OCC Will Rescind Trump-Era CRA Rule
The Office of the Comptroller of the Currency (OCC) recently announced it will propose rescinding the Community Reinvestment Act (CRA) rule issued in May 2020. In 2020, the OCC proposed regulations intended to modernize the agencies’ regulations under the CRA, which haven’t been substantively updated for nearly 25 years.
The CRA was enacted in 1977 to encourage insured depository institutions to help meet the credit needs in their local communities, including low- and moderate-income neighborhoods. It was created as a reaction to the practice of redlining, where banks avoided making loans to low-income neighborhoods.
The affordable housing industry has an interest in these regulations because affordable housing and community development plays a role in whether financial institutions meet their CRA requirements. Although the CRA doesn’t specifically mention the LIHTC program, the program benefits from its ties to CRA credit. An estimated 85 percent of LIHTC investment is made by CRA-intentioned banks.
The previous rule would have taken effect in 2023 or 2024, depending on the size of the institution. The CRA regulations had evaluated banks in different ways, based on their level of assets. The regulations implemented under the Trump administration created a performance standard that banks would be evaluated on both the number of CRA-eligible loans and investments and the total amount of loans and investments to communities. At the time, affordable housing advocates pointed out that emphasizing the dollar amount could result in deemphasizing LIHTC equity investment as compared to lending, because it’s much easier for banks to make loans, especially in high-cost areas, than it is to underwrite equity investments.
The OCC's decision to rescind the CRA rule follows the completion of a review initiated by Acting Comptroller of the Currency Michael Hsu shortly after he took office. The OCC also announced that it will work with the Federal Reserve Board and the Federal Deposit Insurance Corporation (FDIC) to put forward a joint rulemaking that strengthens and modernizes the CRA.

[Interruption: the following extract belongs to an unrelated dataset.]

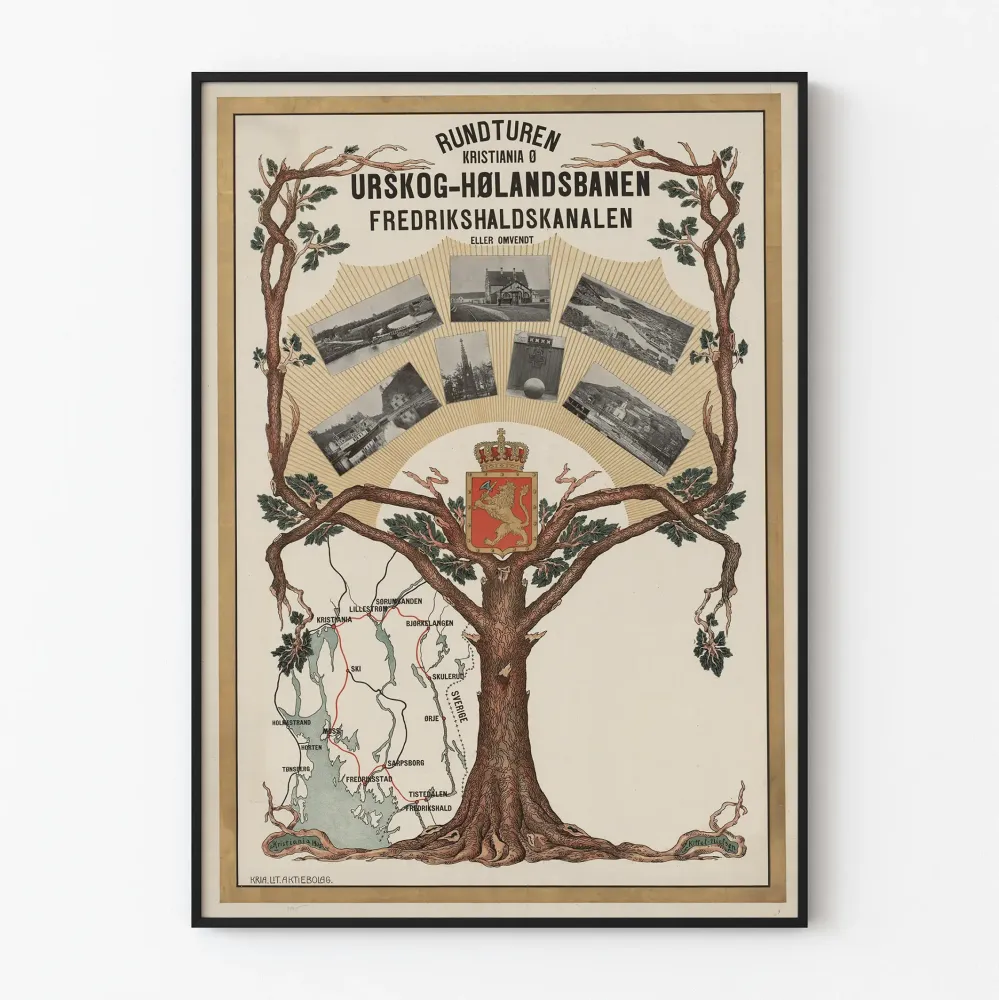 Plakat Vintage Trasa Rundturen Kristiania Ø i Urskog-Hølandsbanen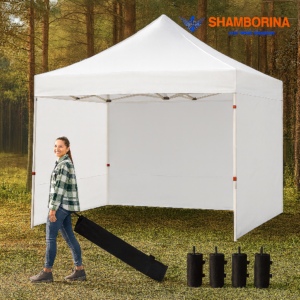 Shamborina Heavy Duty Canopy Tent With Sidewalls 3mtrs By 3mtrs/Gazebo Tent +Carry Bag With Wheels +4 Sandbags - (40mm Thickness Steel Grill,420D Polyester Oxford)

“To ensure fairness in the face of persistent and rising inequality and changes in banking, the CRA must be strengthened and modernized,” said Hsu. "The disproportionate impacts of the pandemic on low- and moderate-income communities, the comments provided on the Board's Advanced Notice of Proposed Rulemaking, and our experience with implementation of the 2020 rule have highlighted the criticality of strengthening the CRA jointly with the Board and FDIC. While the OCC deserves credit for taking action to modernize the CRA through adoption of the 2020 rule, upon review I believe it was a false start. This is why we will propose rescinding it and facilitating an orderly transition to a new rule. I look forward to working with the other agencies to develop a joint Notice of Proposed Rulemaking and building on the ANPR proposed by the Board in September 2020.”